Owners Treat Cemetery as a Monument to the Past
On a windy hilltop overlooking a dusty canyon in Saugus, a tiny graveyard lies hidden by a grove of peppertrees and pines. “It’s very peaceful here,” said Andy Ponton as he walked past the aging headstones.
Ponton knows the cemetery well. He owns it.
When Ponton and his wife, Joyce, purchased nine acres in San Francisquito Canyon 11 years ago, included in the parcel was the small cemetery with graves dating back to the late 1800s. “This was a family cemetery for the Ruiz family,” he said. Although the surnames on the stones vary, the people buried there were all related to the pioneer Ruiz clan in one way or another.
Under deed restrictions placed on the property, the graves may not be removed and nothing can be built there. For the Pontons, the cemetery has become a cherished spot, a reminder of the canyon’s frontier past and a quiet place to sit and think under the shade of an old peppertree, far from traffic and mini-malls and housing tracts.
“It means an awful lot to me,” Joyce Ponton said.
Although barren in the winter and dusted with brown pine needles, the cemetery will turn green in spring. “At Easter time, daffodils grow,” she said.
Until the Pontons purchased the property and built a house, the land was unoccupied and the cemetery fell into disrepair. Vandals stole grave markers. Teen-agers partied there on Halloween. Riding clubs let their horses roam about the headstones.

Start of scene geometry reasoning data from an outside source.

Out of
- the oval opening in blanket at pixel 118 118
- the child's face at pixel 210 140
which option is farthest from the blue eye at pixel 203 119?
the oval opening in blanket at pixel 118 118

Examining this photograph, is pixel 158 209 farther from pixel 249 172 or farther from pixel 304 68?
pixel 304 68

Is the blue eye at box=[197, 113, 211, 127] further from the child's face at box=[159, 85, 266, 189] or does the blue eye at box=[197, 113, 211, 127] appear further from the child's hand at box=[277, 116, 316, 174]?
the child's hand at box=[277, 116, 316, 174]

The Pontons fenced off the property and keep the small gate to the cemetery locked. They repaired some grave markers, including a cross that had toppled above the grave of Niebe Ruiz, a settler who, amazingly, lived in three different centuries. “She was born in 1794 and died in 1904,” Andy Ponton said.

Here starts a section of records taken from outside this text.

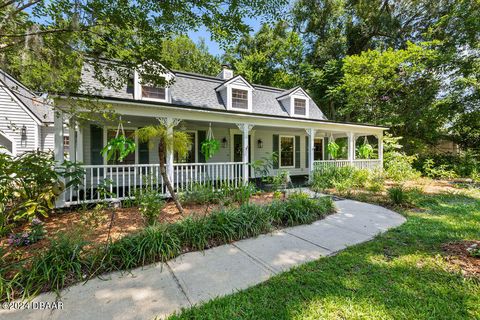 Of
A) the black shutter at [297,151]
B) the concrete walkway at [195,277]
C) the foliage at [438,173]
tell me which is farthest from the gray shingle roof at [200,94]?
the foliage at [438,173]

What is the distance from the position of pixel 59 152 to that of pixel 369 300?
6637 mm

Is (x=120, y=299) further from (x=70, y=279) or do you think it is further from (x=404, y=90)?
(x=404, y=90)

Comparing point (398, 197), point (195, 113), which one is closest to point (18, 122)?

The cemetery is a grim reminder of the day the St. Francis Dam collapsed on March 13, 1928, sending a wall of water down the canyon that killed more than 450 people. A large marker, about 4 feet high and 11 feet across, is dedicated to the Ruiz clan. “It wiped out the family,” Andy Ponton said. “There were some that were never found.”
One grave belongs to a 10-year-old boy killed in the flood. “Nobody ever claimed his body,” Andy Ponton said. The boy was brought to the Ruiz cemetery, where a plaque reads, “In Memory of those who lost their lives in the Santa Clarita Flood, March 13, 1928.”
The Pontons are not sure how many people are buried in the cemetery, which measures 100 feet by 100 feet. Many headstones have no names at all. Others are unreadable.
Most graves date from the late 1800s and early 1900s, but a few people were buried there in the 1940s and even in 1961.
The graves of babies fill one area Joyce Ponton calls “heartbreak corner.” Many markers, such as the one for Arthur N. Rivera, feature tiny lambs carved in stone. He died in 1904 at the age of 2.
“It was tough back in those days,” Andy Ponton said.